Short text fragments from websites:
──────────────────────────────

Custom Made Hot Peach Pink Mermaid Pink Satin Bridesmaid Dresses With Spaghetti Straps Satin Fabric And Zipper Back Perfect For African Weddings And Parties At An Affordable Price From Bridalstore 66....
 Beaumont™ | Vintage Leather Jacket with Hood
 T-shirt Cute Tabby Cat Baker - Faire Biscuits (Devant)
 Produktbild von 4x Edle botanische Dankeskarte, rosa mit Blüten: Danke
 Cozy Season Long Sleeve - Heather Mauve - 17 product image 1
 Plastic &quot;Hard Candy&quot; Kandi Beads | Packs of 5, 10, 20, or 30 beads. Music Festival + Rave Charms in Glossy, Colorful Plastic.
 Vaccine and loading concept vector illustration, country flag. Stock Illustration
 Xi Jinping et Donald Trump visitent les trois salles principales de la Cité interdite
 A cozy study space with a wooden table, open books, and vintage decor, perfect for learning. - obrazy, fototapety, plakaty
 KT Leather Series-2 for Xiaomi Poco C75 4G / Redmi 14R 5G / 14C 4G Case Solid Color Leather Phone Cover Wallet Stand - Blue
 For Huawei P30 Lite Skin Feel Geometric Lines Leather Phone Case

──────────────────────────────

Using the records above, select and copy every line that has the word "Phone".

 KT Leather Series-2 for Xiaomi Poco C75 4G / Redmi 14R 5G / 14C 4G Case Solid Color Leather Phone Cover Wallet Stand - Blue
 For Huawei P30 Lite Skin Feel Geometric Lines Leather Phone Case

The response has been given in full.